En tirant un trait sur l’interdiction à la vente des voitures neuves thermiques en 2035, l’Europe a voulu rassurer les constructeurs, les équipementiers et certains Etats, à commencer par l’Allemagne, l’Italie et les pays de l’Est. Pour autant, ce renoncement tient avant tout du symbole. Car la révision des objectifs d’émissions de CO2 relève finalement de l’épaisseur du trait.

En passant de 100% à 90%, la concession de Bruxelles apparait éloignée des espoirs les plus optimistes. Outre-Rhin, certains lobbyistes espéraient obtenir un seuil de 80%.

Huit R5 E-Tech pour une Clio hybride 

La marge de manœuvre accordée aux constructeurs, apparait finalement marginale. Elle ne suffira sans doute pas, à justifier les investissements dans les moteurs thermiques. Rappelons que désormais, les industriels pourront continuer à commercialiser aussi des moteurs hybrides, rechargeables, ou encore à prolongateur d’autonomie au-delà de 2035. Reste à savoir dans quelles proportions. 

Selon les estimations actuelles, un constructeur comme Renault devrait commercialiser huit R5 E-Tech pour vendre une Clio 6 hybride ! Qui plus est, cette flexibilité sera uniquement accessible aux constructeurs qui s’engagent à incorporer de l’acier bas carbone produit au sein de l’Union européenne, ou encore des carburants durables, a précisé Stéphane Séjourné, commissaire européen.

Un report de dix ans vers le tout-électrique

Si le paquet automobile enterre le 100% électrique, les constructeurs n’ont pas attendu cette proposition qui doit être encore validée par le parlement européen, pour revoir leur stratégie. 

Ainsi, après General Motors, Ford a capitulé, renonçant à ses projets de BEV pour privilégier notamment l’hybride et l’essence. En Europe, les firmes ont revu aussi leurs ambitions, donnant la priorité aux technologies alternatives, telles que le micro-hybride 48 Volts.

La décision de Bruxelles retardera forcément le passage au tout-électrique, les observateurs parlant d’une dizaine d’année supplémentaires.
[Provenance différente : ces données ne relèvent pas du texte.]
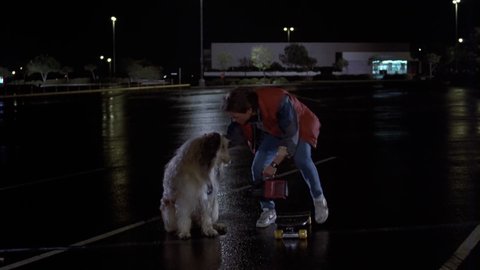 Shot 133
Surtout, elle obligera les industriels à se concentrer sur la production de modèles électriques moins chères, et plus petits, grâce à la mise en place d’une nouvelle catégorie de voiture dite M1-e, de moins de 4,20 mètres. A l’image du projet Hipster de Dacia.
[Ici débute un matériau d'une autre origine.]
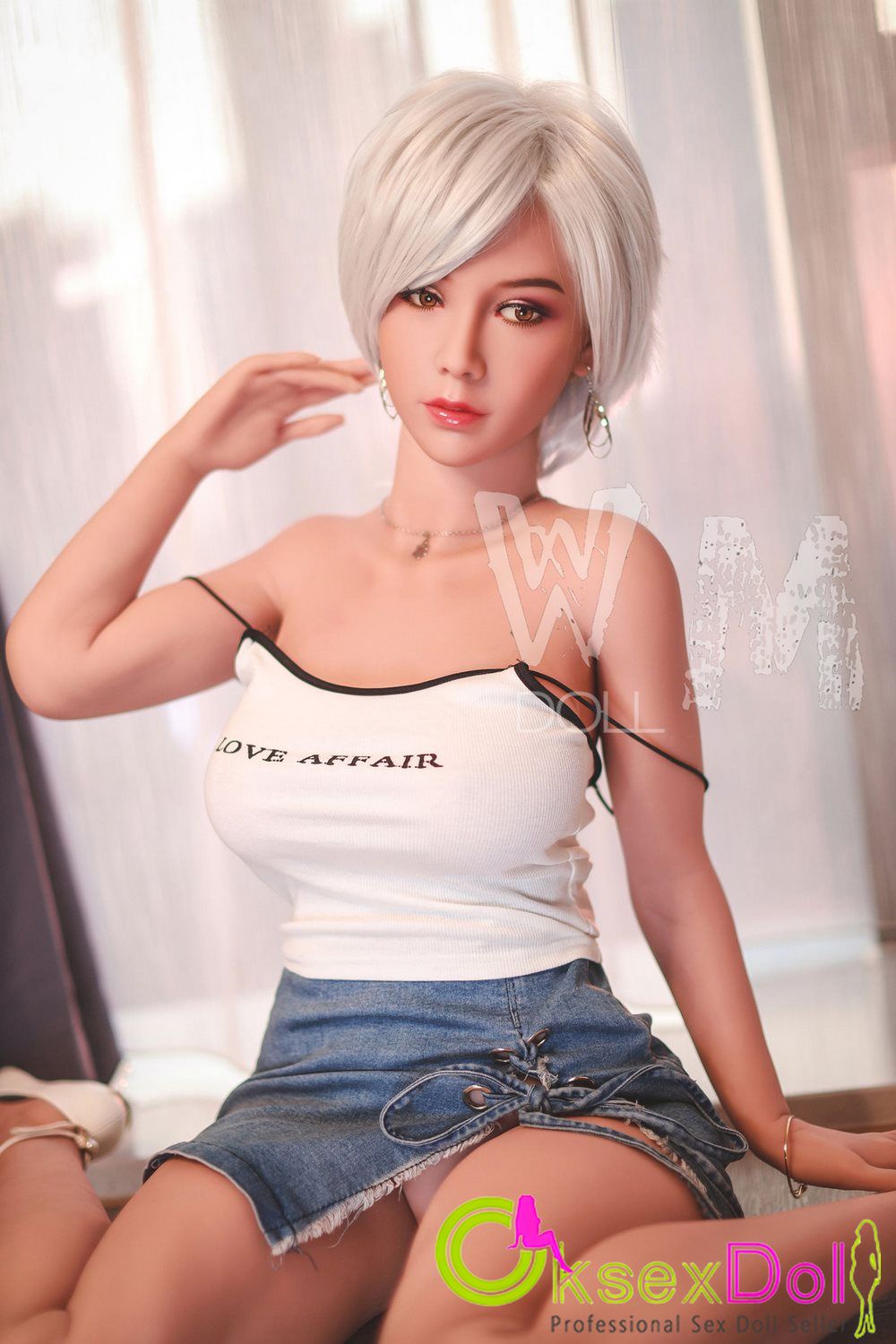 170cm love dolls pic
Une première victoire pour les constructeurs

Si la voiture électrique est touchée, elle n’est donc pas coulée. Les constructeurs ne s’y trompent pas. « Le paquet présenté reconnaît que le cadre réglementaire actuel n’est pas adapté à l’objectif d’une transition énergétique, a réagi Stellantis. Malheureusement, les propositions ne répondent pas de manière significative aux problèmes auxquels l’industrie est actuellement confrontée. »

Toutefois, cette première victoire pourrait ouvrir la voie à un détricotage plus large du Pacte Vert. Le bras de fer devrait donc se poursuivre entre les constructeurs et les instances européennes d’ici 2035, notamment sur les véhicules utilitaires. 

Le recul des Etats-Unis en matière de réduction des émissions de CO2 et des consommations, alimentant les espoirs des legacy du Vieux-Continent. Des firmes prises en tenaille entre les impératifs fixés par Bruxelles, et un marché réfractaire au tout-électrique.